FedEx and UPS dip after report on Amazon's delivery concept

Amazon unveils new Alexa devices
Amazon unveils new Alexa devices

Amazon has disrupted the retail industry. Does it have its sights set on shipping, too?

Shares of FedEx (FDX) and UPS (UPS) both fell Thursday after Bloomberg reported that Amazon is considering its own delivery service.

Amazon's stock rose though, along with the broader market. The Dow, S&P 500 and Nasdaq all hit new record highs once again.

For it's part, Amazon (AMZN) said it's not looking to replace its current shipping relationships anytime soon.

"We are using the same carrier partners to offer this program that we've used for years, including UPS, USPS and FedEx," said Amazon spokeswoman Kelly Cheeseman in an email to CNNMoney about the Bloomberg report.

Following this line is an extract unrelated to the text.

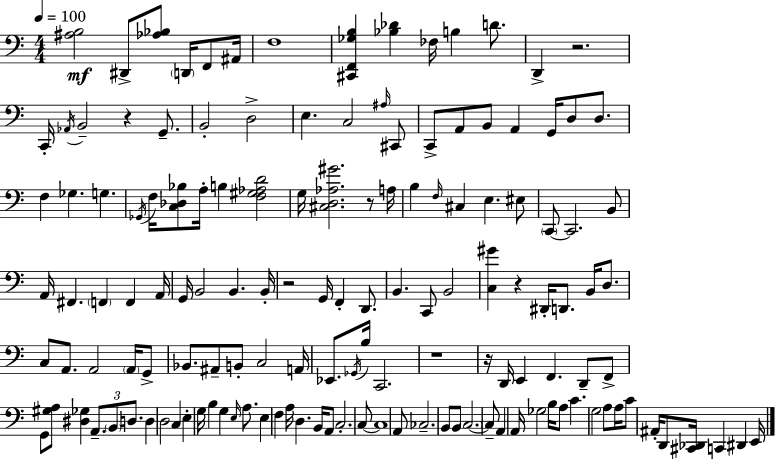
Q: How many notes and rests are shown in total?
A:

UPS and FedEx don't seem too concerned about the report.

UPS spokesman Steve Gaut told CNNMoney in an email that "Amazon is a valued UPS customer" and that UPS plans to continue to support it "with industry-leading ecommerce solutions and [that we] expect to expand these relationships further in the future."

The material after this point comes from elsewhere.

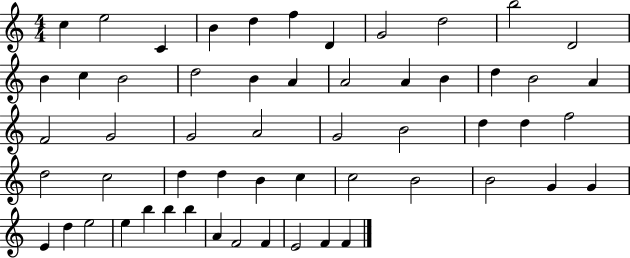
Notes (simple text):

C5/q E5/h C4/q B4/q D5/q F5/q D4/q G4/h D5/h B5/h D4/h B4/q C5/q B4/h D5/h B4/q A4/q A4/h A4/q B4/q D5/q B4/h A4/q F4/h G4/h G4/h A4/h G4/h B4/h D5/q D5/q F5/h D5/h C5/h D5/q D5/q B4/q C5/q C5/h B4/h B4/h G4/q G4/q E4/q D5/q E5/h E5/q B5/q B5/q B5/q A4/q F4/h F4/q E4/h F4/q F4/q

Gaut added that none of the company's customers -- including Amazon -- account for more than 10% of total sales.

In other words, Big Brown can continue to do just fine even if Amazon starts to deliver more of its own packages.

The same may be true for FedEx, which now owns global logistics company TNT Express. FedEx noted in an earnings conference call last year that no single customer accounts for more than 3% of its overall revenue.

Related: New FedEx service takes aim at Amazon

FedEx spokesman Jess Bunn told CNNMoney that the company had no specific comment about the Amazon reports, but he added that "there continues to be reporting related to our networks and the transportation industry that demonstrates a clear misunderstanding of the scale, infrastructure and complexity involved in running a global transportation network."

"FedEx and other transportation providers are innovating as it relates to new services for e-commerce residential deliveries, but that is only one piece of the capabilities that we provide. Demand for our global portfolio continues to grow," he added.

The potential threat from Amazon is not a new one. Amazon has already been experimenting more with drone deliveries in order to have more control over the shipping experience for customers and also cut costs.

And last year, Amazon struck deals with cargo freight airlines Atlas Air Worldwide (AAWW) and Air Transport Services Group (ATSG). Amazon leases Boeing (BA) planes from both companies.

Amazon also received stock warrants in the two companies that, once exercised, will give Amazon significant minority ownership stakes in both airlines.

Despite these developments, shares of both FedEx and UPS are both up this year and are not far from their all-time highs.

It's important to remember that Amazon is not the only e-commerce game in town. Other retailers, like Walmart (WMT), Best Buy (BBY) and Target (TGT), have been building up their own digital shopping sites. And they will still need FedEx and UPS to deliver for them.